Sandy Baruah, president and CEO of the Detroit Regional Chamber, hailed the plan.
“Detroit’s Plan of Adjustment provides a clear, workable and reasonable strategy to exit this historic bankruptcy. It is critical to understand that the reason the city is in bankruptcy is that the resources simply do not exist to pay the obligations that exist, including pensions, creditors and others,” Baruah said.
“Any party to any bankruptcy proceeding that expects to emerge fully whole simply does not understand the painful reality of the situation. Finally, Mr. Orr’s Plan of Adjustment focuses on needed investments in the city that are necessary for future success. At the end of the day, positioning Detroit for growth and success is the reason for these unprecedented actions.”
But Shirley V. Lightsey, a 79-year-old retiree who is the vice chair of the Retiree Committee, disagrees.
“It is more than a shame that the city has proposed to so drastically cut retirement benefits, beyond what is needed to support its plan to reinvest. It is a slap in the face to those who gave their working lives to the city,” Lightsey said.

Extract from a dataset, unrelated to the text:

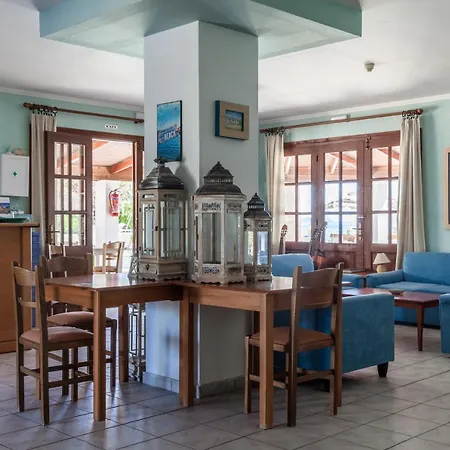 Korfiatis Lägenhetshotell Agios Sostis (Zakynthos)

“Too many people have worked too long to accept such treatment without a fight. However, if the city and others truly want to work with retirees, the Committee remains ready, willing and able to work with them to seek a mutually acceptable solution.”
Tina Bassett, spokesperson for the General Retirement System of the City of Detroit, also denounced the Plan of Adjustment, calling its release premature.
“We believe releasing the Plan of Adjustment (POA) at this time is premature since we are still in mediation with many issues that need to be considered and discussed before any agreements can be reached,” Bassett said. “We are greatly disappointed that the POA contains debilitating and unnecessary cuts to accrued pension benefits and know the city can afford much better treatment to the people who have dedicated years of their lives in service of the city.”
She continued, “We will continue to negotiate in good faith with all parties to resolve the issues before us and reach the best possible outcomes for our retirees, members and beneficiaries. Fortunately the POA is a dynamic document that can be amended as mediation and negotiations move forward. It is our hope that this premature action will not slow down the process for consensual resolution with all parties as increased litigation will be costly and delay resolution.”
“Dorothy O’Dell, 86, widow of a Detroit Fire Department Battalion Chief, is suffering from leukemia. The city’s plan will slash her annual household income of $18,000, made up entirely of survivor benefits. Out-of-pocket healthcare costs will increase by approximately $7,000.”